While Time praises the changes in Isabella.
In the newly-released "Wuthering Heights" (purposefully stylized with quotation marks to distance the adaptation from its source material), on the other hand, filmmaker Emerald Fennell (Promising Young Woman, Saltburn) paints Isabella (played by a scene-stealing Alison Oliver) as the shy, skittish, and sexually repressed young ward of Shazad Latif's measured and mature Edgar—her guardian rather than, as in the book, her brother. Titillated by the introduction of Margot Robbie's Catherine into their lives, and even more so by the subsequent arrival of a newly rich and polished Heathcliff (Jacob Elordi), the delightfully unhinged Isabella transforms before our eyes.
"There are a lot of descriptions in the book about how she is infantile and ill-mannered, and can be quite like a petulant child, and obviously very romantic and spoiled," Oliver told ELLE Canada of her character's spin. "[This] Isabella is this sort of baby-woman, and she’s been kept a child by Edgar.
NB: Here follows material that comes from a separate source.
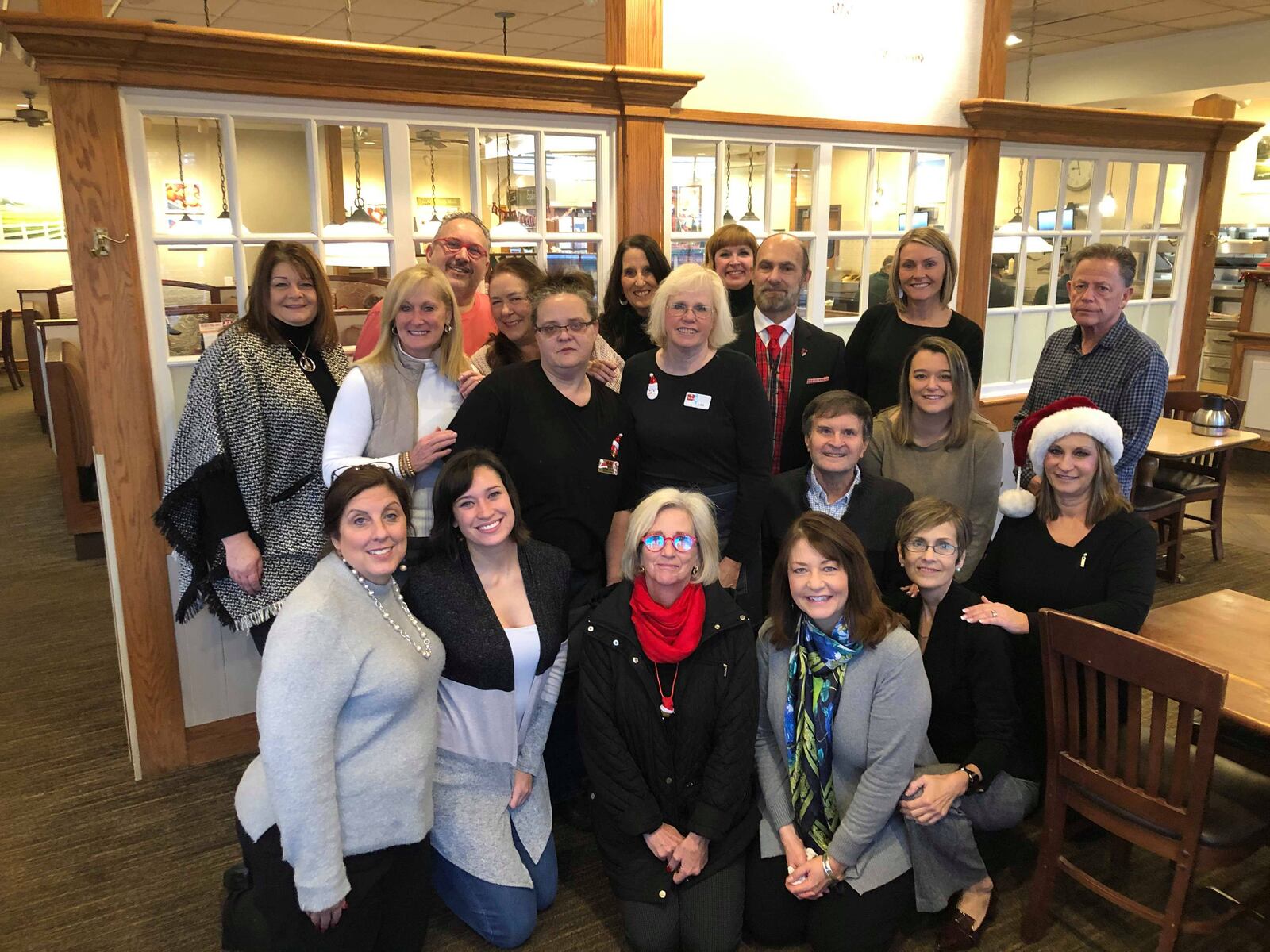 Lisa Tudor and Susan Best, waitresses at the Bob Evans in Beavercreek were treated with a $1,400 tip from a group that calls itself Breakfast Santas, Friday, Dec. 13, 2019.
The experience of having Cathy and Heathcliff come into her home is her stepping into a new phase of her life."
Despite some mean-spirited warnings from Cathy that Heathcliff will destroy her, Isabella ultimately gives in to Heathcliff's advances and consents to a loveless marriage in which she will serve as his tormented plaything. The novel's Isabella is coerced and tricked into this arrangement, and finds herself miserable, alone, and at the mercy of a sadistic abuser once the wedding deed is done. The Isabella of "Wuthering Heights," however, not so much.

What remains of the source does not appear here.